Acute Infectious Conditions
Oral cavity
Odontogenic infection
Odontogenic infections are the most common source of infections in the head and neck among adults (2,3), with the most common organisms being S. viridans, Prevotella, Staphylococcus, and Peptostreptococcus (4). Inflammatory disease of the teeth can be divided into periodontal infection that originates as gingivitis, resulting in radiolucency along the side of the tooth, or endodontal infection that originates as dental caries, resulting in bone resorption at the tooth apex (2).
The most common path of spread of maxillary odontogenic infection originating in the incisors, canines, premolars, and first molars is to the buccal space, whereas infection originating in the second maxillary molar tends to spread to the masticator space. Infection of the third maxillary molar tends to spread to the parapharyngeal space (5).
The submandibular space extends from the floor of the oral cavity to the attachment of the superficial layer of the deep fascia to the mandible to the hyoid bone (Fig. 21.3). It is divided by the mylohyoid muscle into sublingual (supramylohyoid) and submandibular (inframylohyoid) compartments. The mylohyoid muscle originates from the mylohyoid line of the mandible; the posterior fibers insert to the body of the hyoid, whereas the middle and anterior fibers are inserted into a median fibrous raphe. The free posterior border of the mylohyoid allows communication of infection across the sublingual and submandibular spaces.
FIG. 21.3 Submandibular space. A: On coronal reformatted postcontrast CT image, the mylohyoid muscle (white arrows) is seen as a sling forming the floor of the mouth. The sublingual compartment (SLS) is superior and medial to and the submandibular compartment (SMS) inferior to the mylohyoid muscle. The genioglossus and geniohyoid muscles (black arrows) are also seen. B: The free posterior border of the mylohyoid muscle (arrows) is seen on this axial postcontrast CT image, allowing communication between the SLS and SMS of the submandibular space.

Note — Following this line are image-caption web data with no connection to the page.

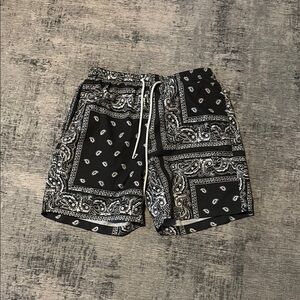 Men’s bandanna shorts medium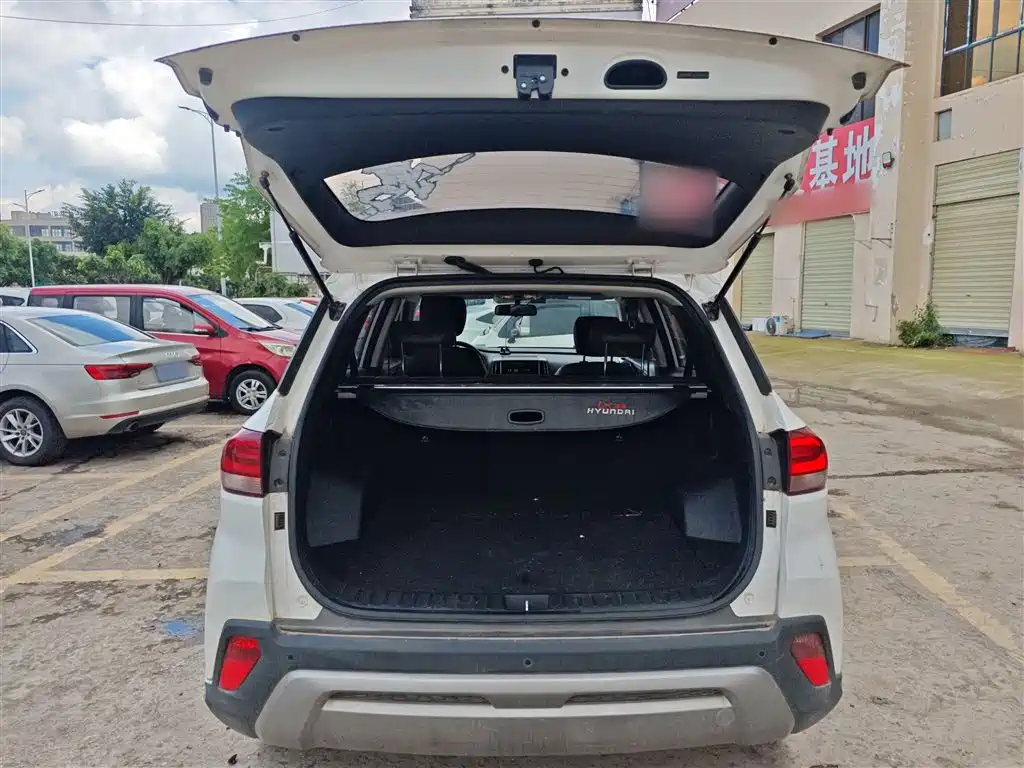 Hyundai Beijing Hyundai ix35 2018 2.0L Automatic 2WD Zhiyong·Enjoyment Edition фото 19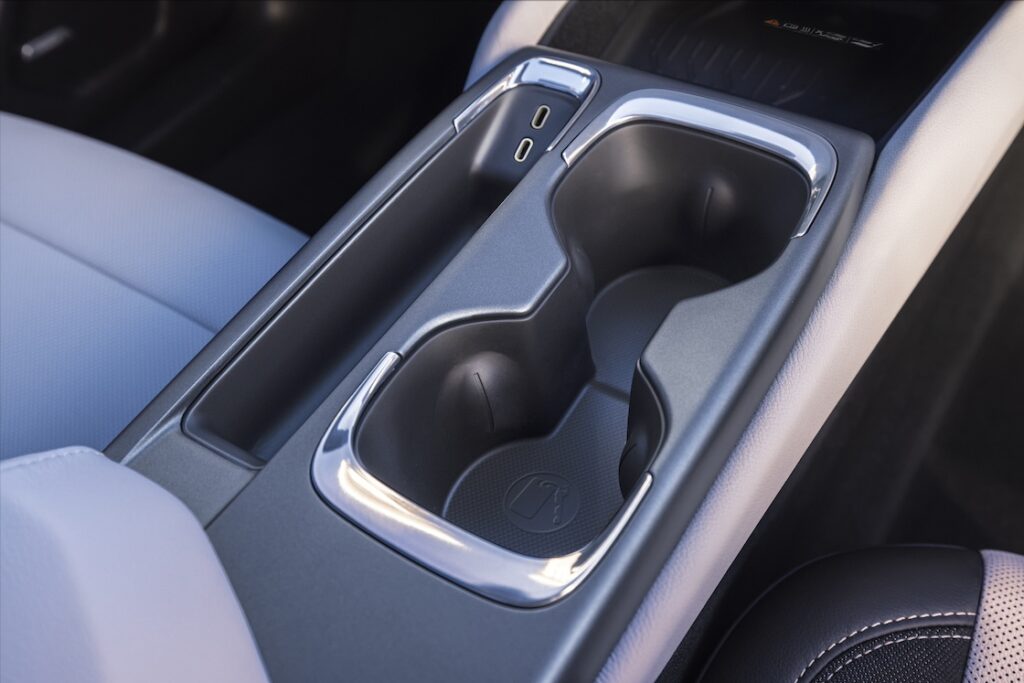 cup holders and usb ports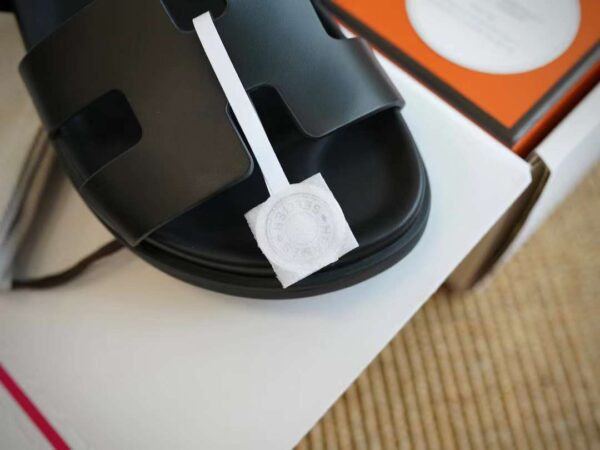 HERMES CHYPRE Casual slippers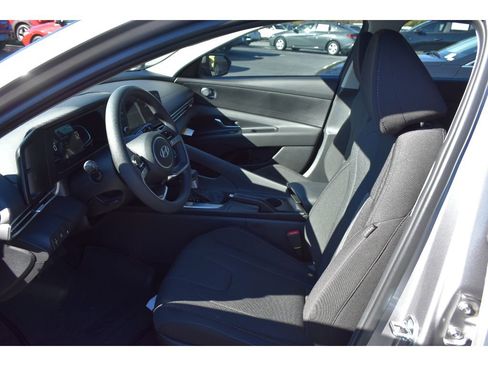 New 2026 Hyundai Elantra SE image 11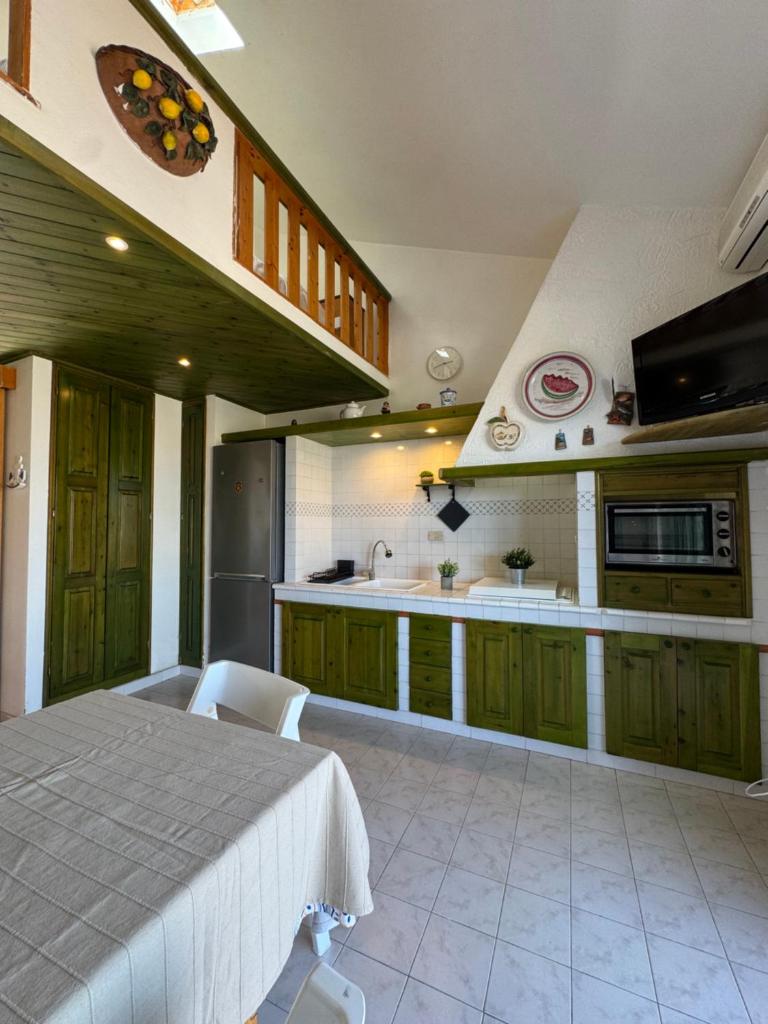 Il comprend une cuisine avec une table et un évier. dans l'établissement La casa al Rais, à Finale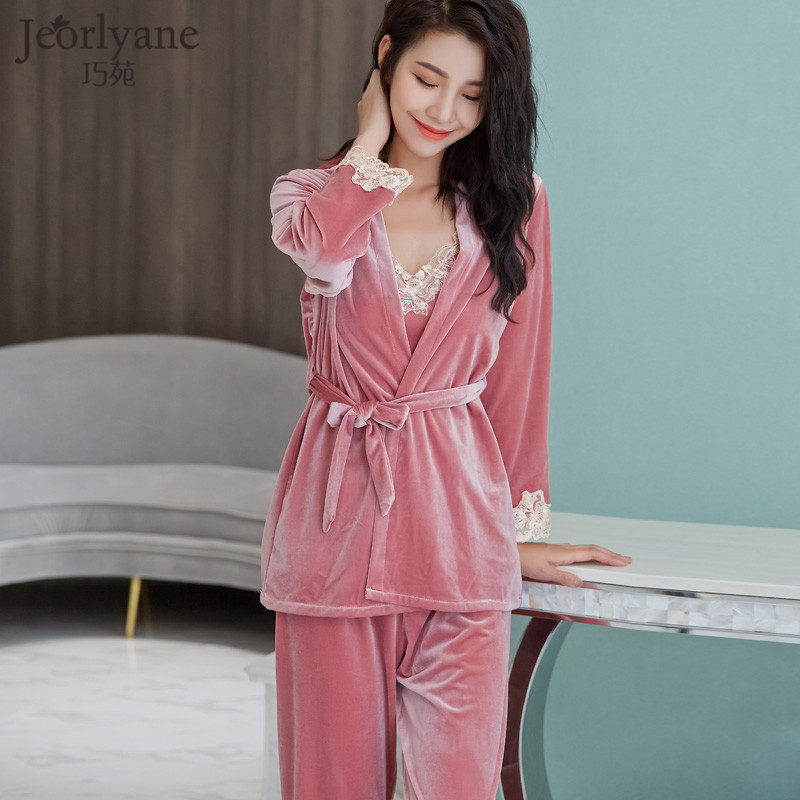 Jeorlyane Chateau Garden Nightgown woman autumn and winter three - piece Golden Velvet Sexy Hanging Roof Home Clothes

Odontogenic infection originating in the mandibular incisors, canines, or first premolars spreads into the sublingual space. Because the second and third mandibular molar tooth roots extend below the mylohyoid muscle insertion, odontogenic infection originating from these teeth tends to spread into the submandibular space (2). Complications of odontogenic infections include oroantral fistula, which occurs secondary to resorption of the tooth root, or odontogenic sinusitis, which refers to secondary infection of the paranasal sinuses originating from dental infection (2) (Fig. 21.4). The maxillary sinus is the main sinus involved because of its proximity to the posterior maxillary teeth. Unusual complications include osteomyelitis and rarely intraorbital extension.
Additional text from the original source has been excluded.